We spent 60 laugh filled seconds with the hilarious eternal optimist Josie Long. 

Have you found any parts of the country to be funnier than others?

There’s a ring around the M25 called the Doughnut of Death because it’s so difficult to get people going but, once you do, they’re delightful.
 

Any funny tales about a time you bombed on stage?

I was gigging in a ski resort and someone kept shouting, “Do Peter Kay.” Another guy replied, “Leave her alone,” and I thought, Good, I’ve got some supporters.

But then he followed it up with, “Do Alan Partridge.”

 

What's you most memorable heckle experience?

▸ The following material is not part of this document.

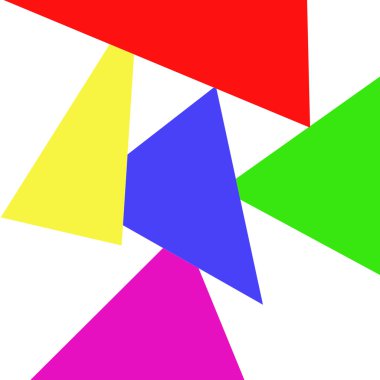  Beyaz bir arka plan üzerinde renkli üçgen geometrik şekiller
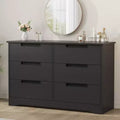 6-Drawer Dresser with Embedded Handles, Compact Storage Cabinet for Bedroom, Living Room & Hallway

I was talking about the philosopher David Hume during a gig, saying that he was an atheist.

Someone from the back of the room shouted, “David Hume would never have self-described as an atheist.” It was the most highbrow heckle I’ve ever received.

 

 

Who's your comedy inspiration? 

Vic and Bob. They were silly and energetic without being aggressive.

 

If you were a fly whose wall would you be on?

Maybe the Conservative Party HQ so I could find out their secrets. But then what’s the point? It’s too bleak.

 

If you could have a super power what would it be?

To make people with canapés at parties feel magnetically drawn to me. I’d make it so they couldn’t leave and I’d eat as many as I could bear.